一夜无梦,第二天我们倒是运气不错,一只到溪流上河水的小鹿不幸遇上了我们。小鹿?这年头还有小鹿在山里四处游荡?可爱的小家伙,到叔叔这来,我们可饿了一天了。即使你是家养的,遇见我们是你的不幸,大不了我给你的主人赔点钱罢了。
我们终于吃上了一顿饱饭,吃饭的过程中那几个家伙不时东张西望,一副做贼的样子,真让我好笑。吃饱后,心满意足地我们快乐的背起行囊沿着山谷向山口走去。过了一山又一山,我们渐渐的接近出山口。
这路边本应该有得庙不在了,登山的路也是土路,见不到我们过去所见得红石板,到处都显的残破不堪,不过这些我们并不在意,马上就要出山了,一切谜底就要揭晓,何必再费思量。
也许是劫后余生格外兴奋,也许是人吃饱了没事干,我们几个手舞着长刀四处挖着一些花花草草,砍着一些苍松翠柏的枝条,边走边闹。只有心急的老陈低着头走在最前面,渐渐的我们与他的距离越拉越远。
突然,远处山口外传来阵阵凌乱的马蹄声,我们都一愣,放眼向山口望去。山口很窄,山路在这转了个弯,从我们的位置看不到山口外的情景。只见老陈兴奋地向山口跑去,我们也加快了速度,终于要见到人了。可是老陈怎么站在山口不走了,浑身还不停的哆嗦,看样子是想躲回山谷只是身子不听使唤罢了。
“有情况,”我卸下了背囊,手持武士刀快步向老陈走去。“待在那”,我对他们三个喊道。没等我走到山口,就听到了马蹄声大了起来,一名骑士出现在山口,这名骑士身穿一套古怪的服装,看起来像是古代的戏服,手中挥舞着一把类似关羽使用的大刀。拍戏啊,我心里想着。可没等我松下这口气来,这名骑士挥舞着大刀催马冲向了老陈,一刀砍下了老陈的头。

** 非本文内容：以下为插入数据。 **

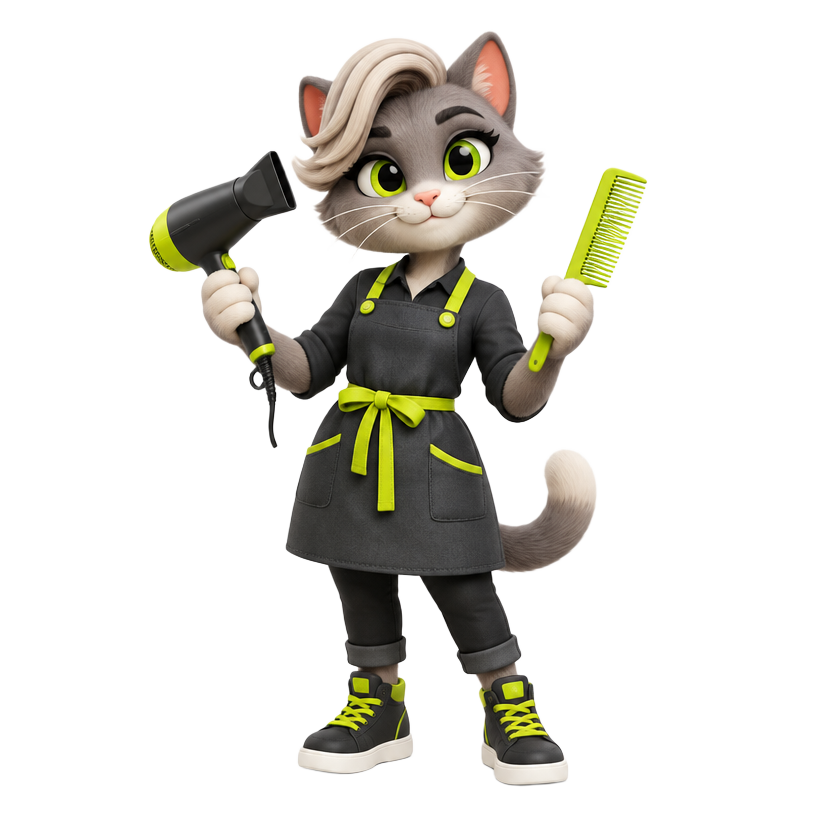 Original cat hairdresser mascot for hair salons & hairdressers website design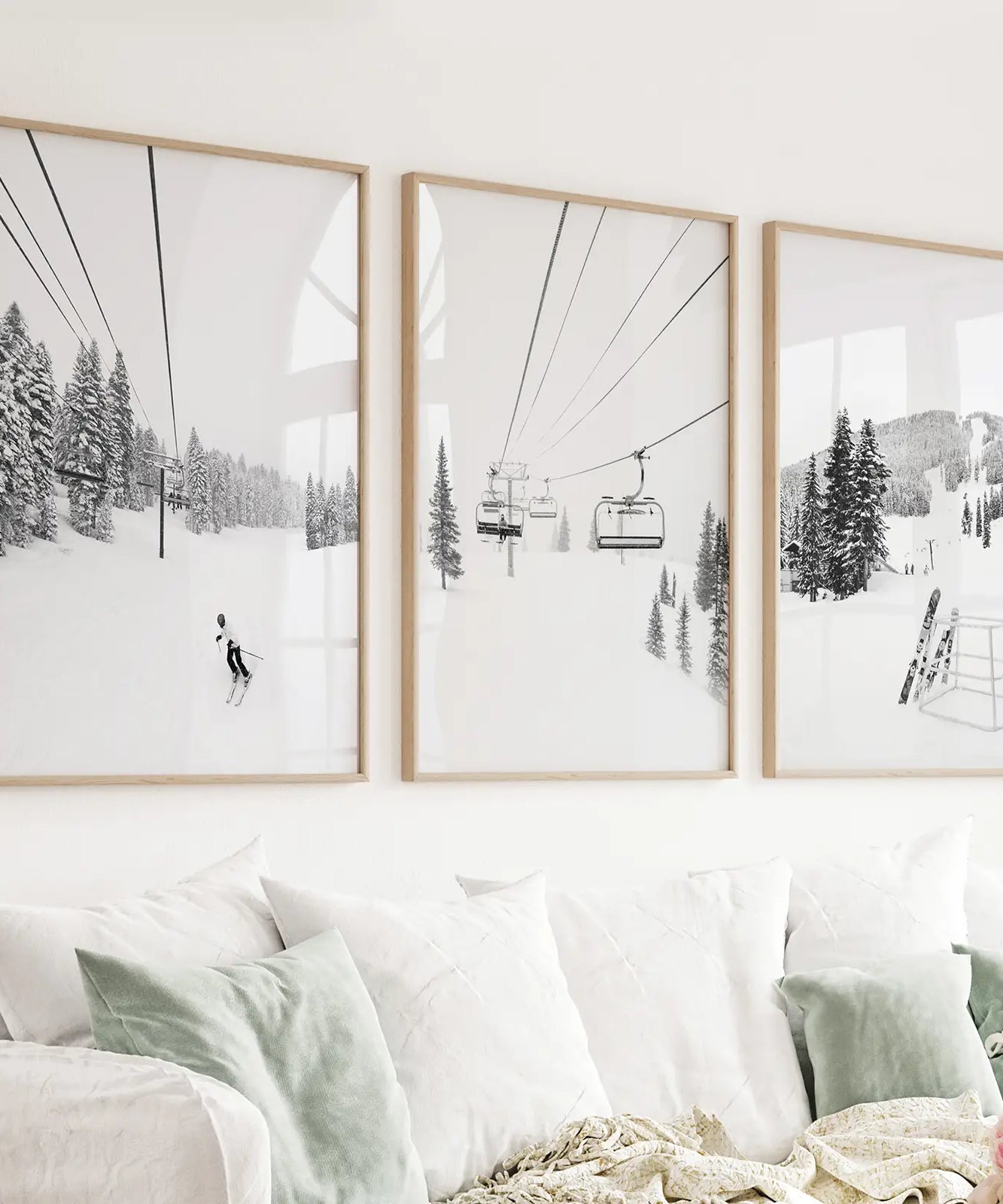 3-teiliges Wandbild-Set, Schwarz-Weiß, Wintersport. Skihütte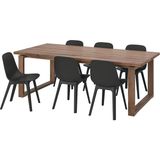 Hobiurun Yemek masası takımı, meşe kaplama-antrasit, 6 sandalyeli - 1/100 Toz Ceviz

震惊,严重震惊。老陈是谁我心知肚明,他绝对不是演员,演戏演到把他的头砍下来,这不会是魔术吧。我低头看着滚落到脚边的头颅,这确实是老陈的头颅,真真切切。那脸上分明也留着恐惧与震惊,我弯下腰伸手去摸老陈的脸,这是脑后传来了一阵风声,我下意识的向前一扑,背后传来了一阵火辣辣的疼痛。

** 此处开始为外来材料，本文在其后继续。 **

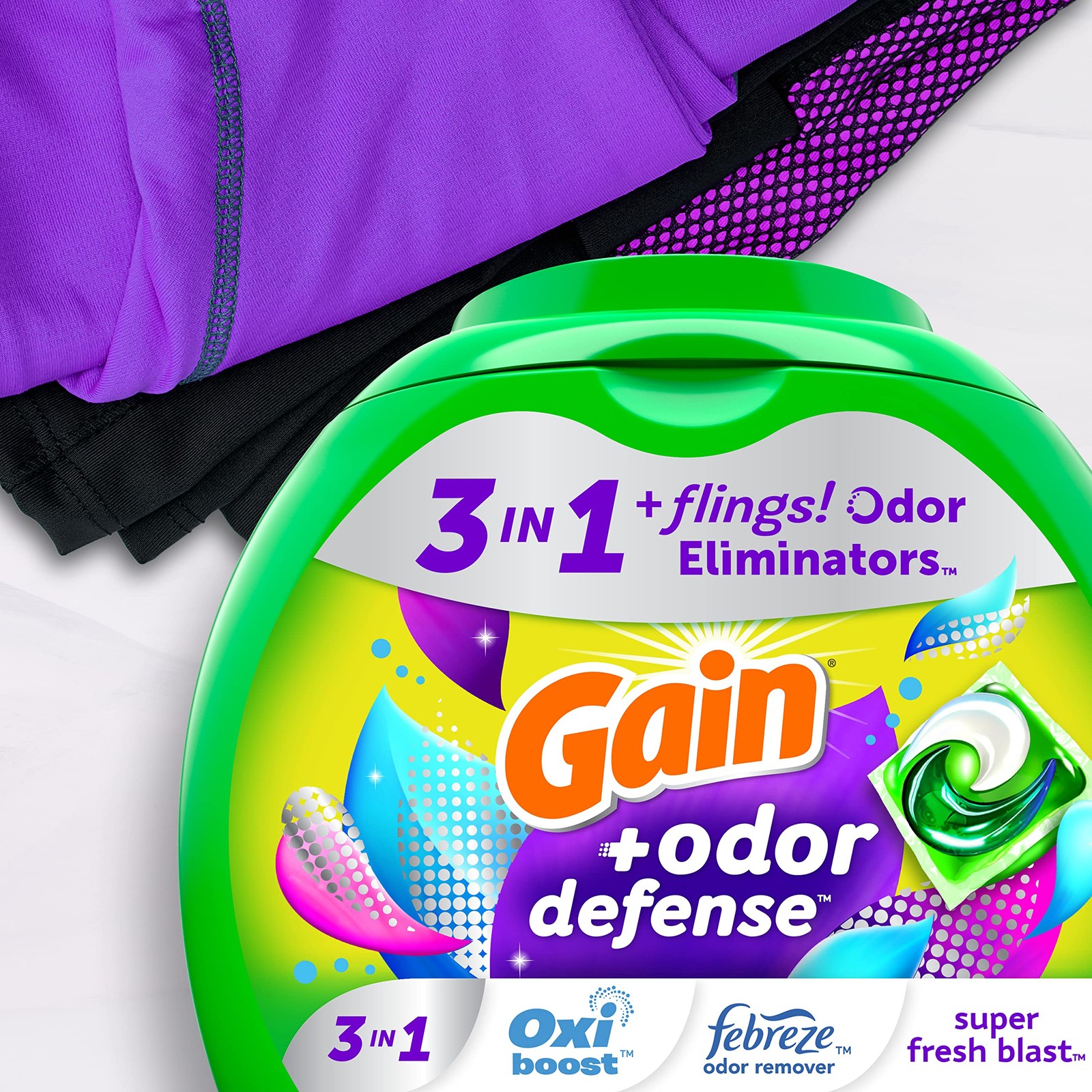Gain Flings Laundry Detergent Pacs with Odor Defense, 102 Count (Pack of 1)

愤怒,严重愤怒。如果不是我低头弯腰,这借助马匹冲刺力量劈出的一刀,绝对可以把我砍成两半,我打了一个滚,从地上爬起来,怒火逐渐上涌。双手握紧武士刀,高举头顶做出日本剑道的大三式。来吧,不管你是村霸,县霸还是党霸,杀人者死,要我束手待毙,休想!我就不信着世界上还没有公理了。

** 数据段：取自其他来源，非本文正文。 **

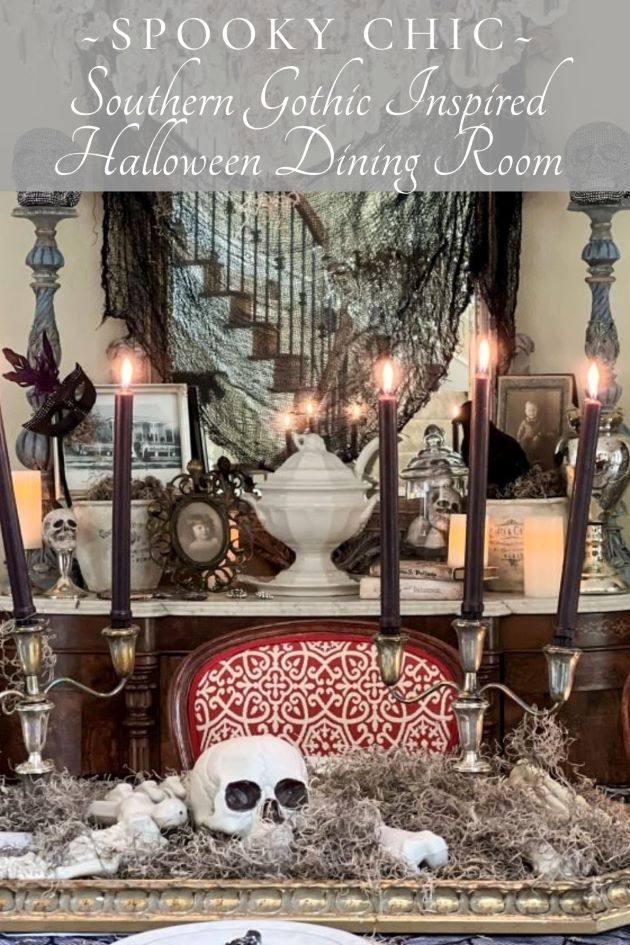 spooky chic southern gothic Halloween dining room Pinterest graphic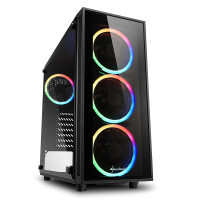 Sharkoon TG4 - Midi Tower - PC - Schwarz - ATX - micro ATX - Mini-ITX - Gehärtetes Glas - Blau - Grün - Rot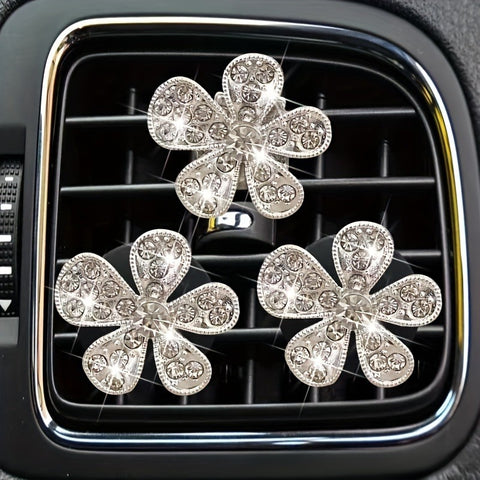 3pcs Car Aromatherapy Five-petal Flower Inlaid With Diamond Clips, Car Diffuser, Petal Decoration Ornaments, Car Air Outlet Fragrance Clip - Total Trends Fusion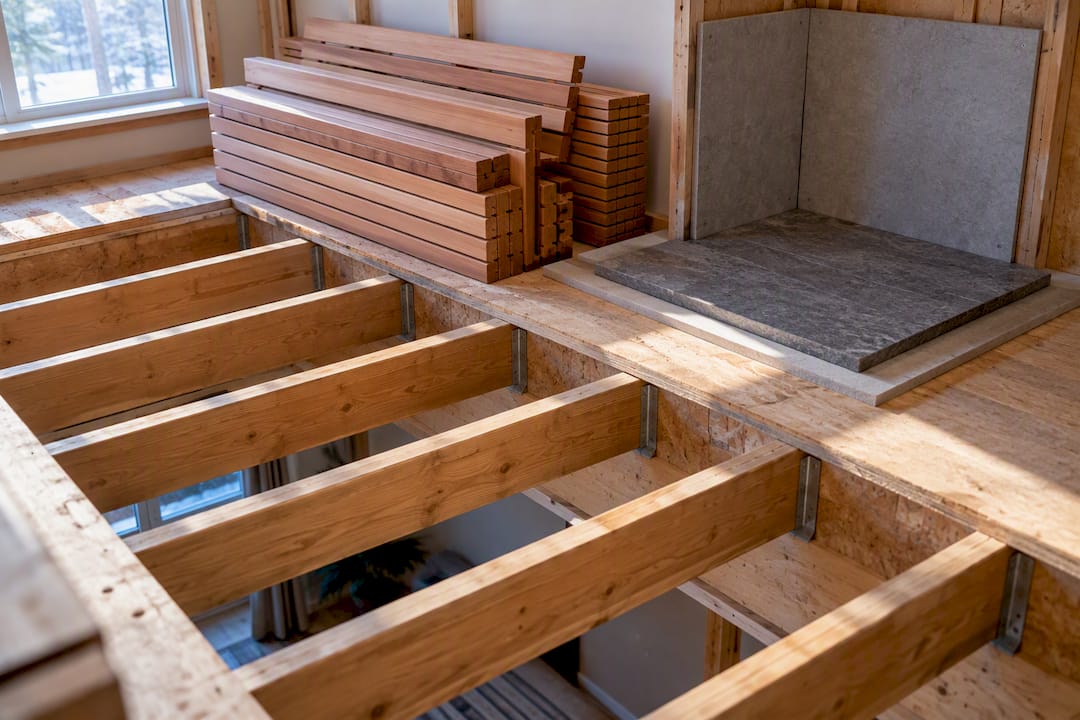 Floor joists supporting sauna construction materials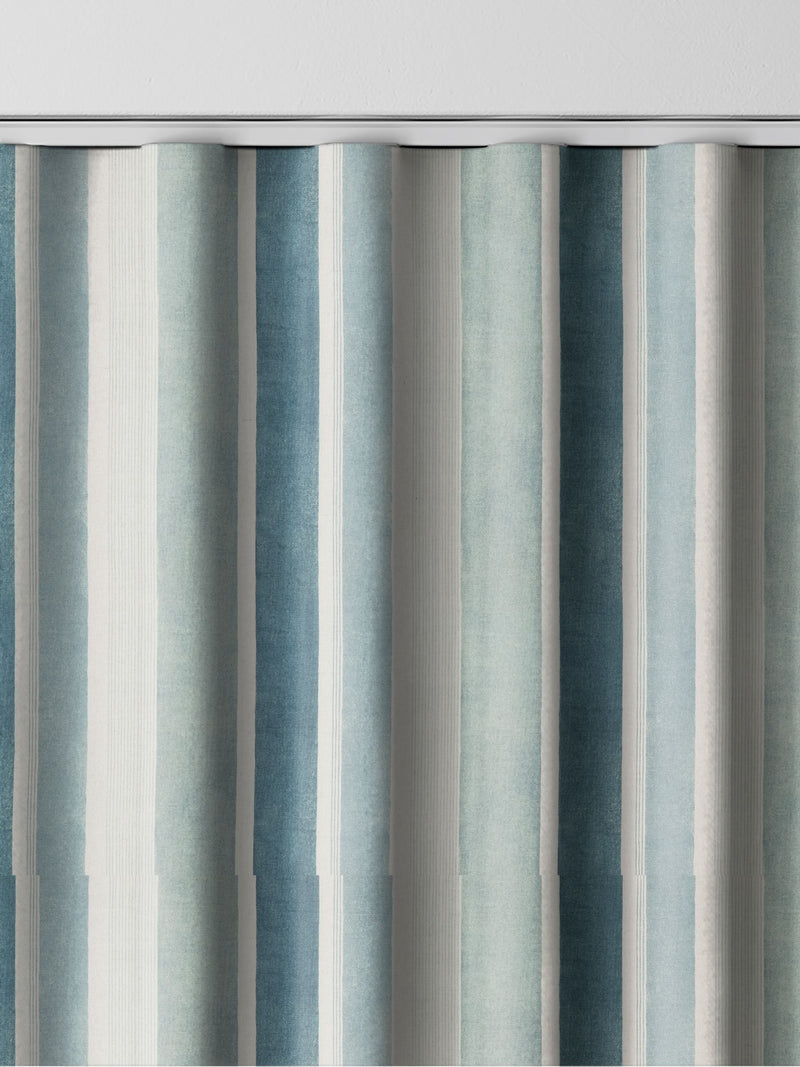 Azure Mordred made to measure blue stripe curtains, UK version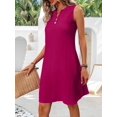 thumbnail image 5 of Women Casual A-Line Dress 2025 Sleeveless V Neck Pleated Sundress Loose Tank Dresses Rose Red L, 5 of 9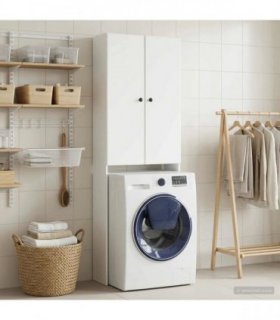 vidaXL Toilet Cabinet BREDA White 66 x 25.5 x 190 cm Engineered Wood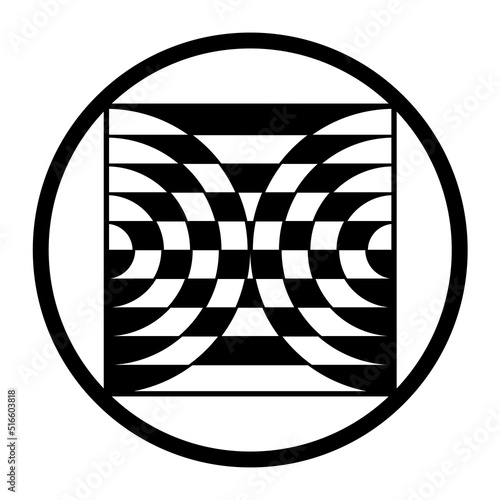 Two world split. The divided world, symbol in a crop circle pattern, found near Micheldever, Hampshire. Circle halves in a square, with checkerboard pattern bordered by a circle. Squaring the circle.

马上的骑士调整了马头,再次向我冲刺过来。我紧盯着他挥舞着的大刀,心中又响起父亲喊声:“全身放松,震动肌肉,凝聚爆发,一刀即出,全力以赴。”我使出全身力气冲着他挥舞地大刀刀头劈出一刀。势如破竹,我心里浮出了这四个字。
确实势如破竹,我的刀劈断了他的刀头,余势未衰的向骑士身上砍去,我不想杀人,可是我这刀劈出已是尽了我全身的力气,我已无力控制刀,而我的身子也控制不住的跳起向骑士扑去,我把骑士撞下马去。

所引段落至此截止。